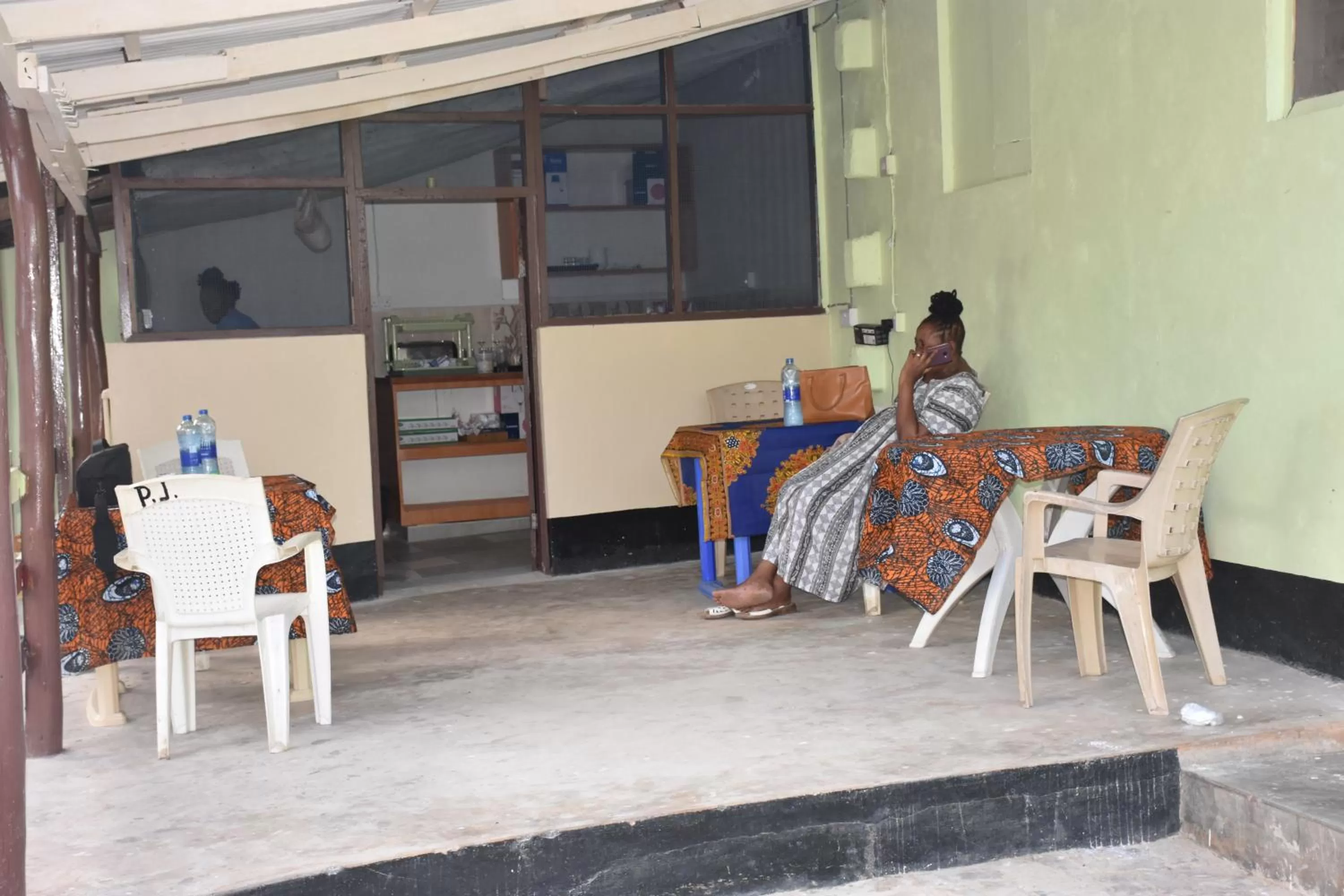 Seating area in L&J Modern Backpackers Kinondoni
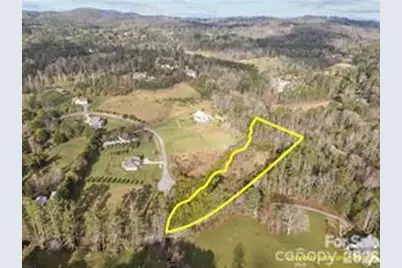 425 Nelson Valley Lane, Hendersonville, NC 28739 - Photo 1
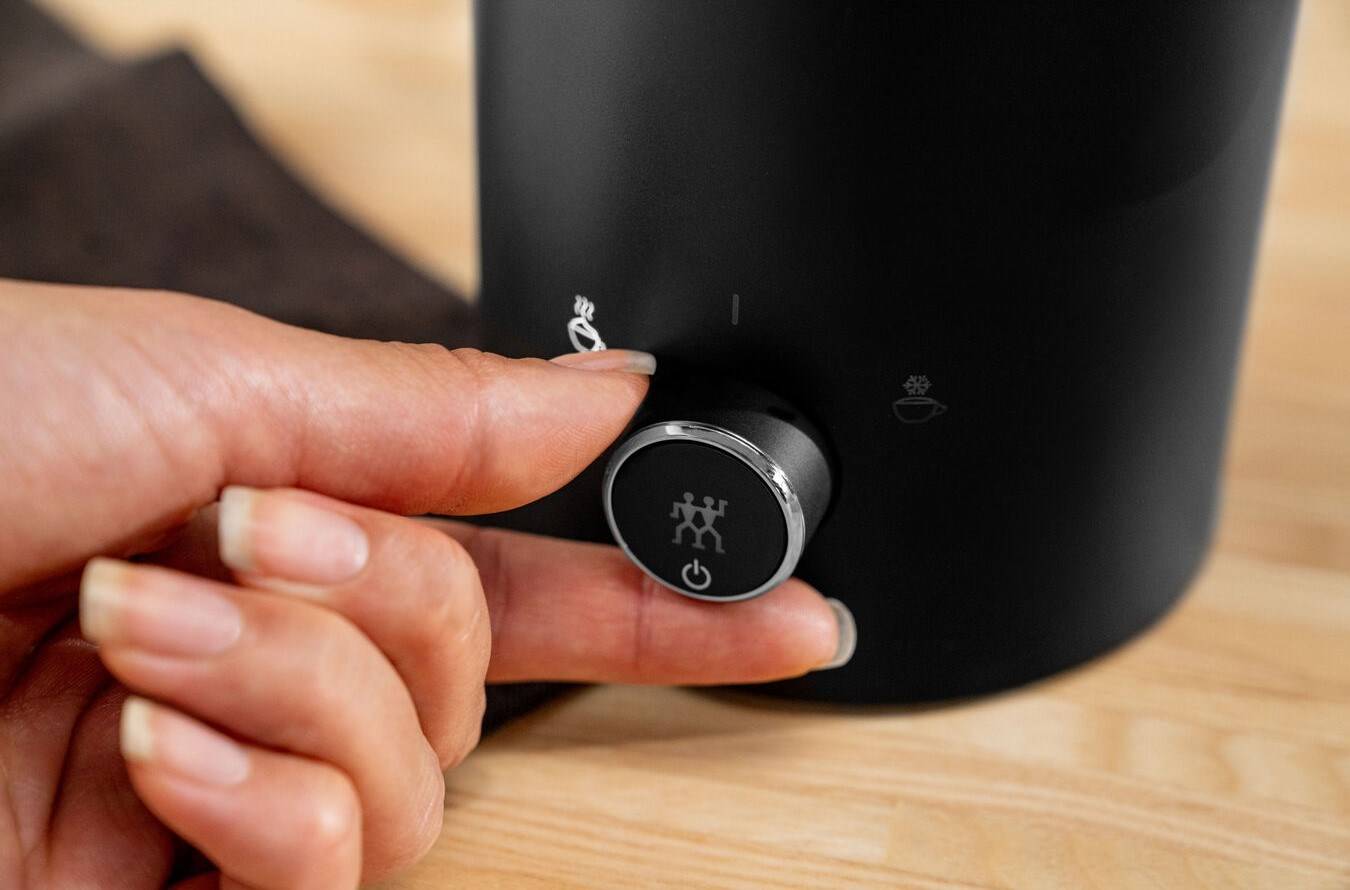 Enfinigy - AC - 600 W - 50 - 60 Hz - 220 - 240 V - 157 mm - 105 mm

- **Task brief**
Give the listing above again in its entirety, exactly as written and free of images.

- **Answer for this exercise**
 Seating area in L&J Modern Backpackers Kinondoni
 425 Nelson Valley Lane, Hendersonville, NC 28739 - Photo 1
 Enfinigy - AC - 600 W - 50 - 60 Hz - 220 - 240 V - 157 mm - 105 mm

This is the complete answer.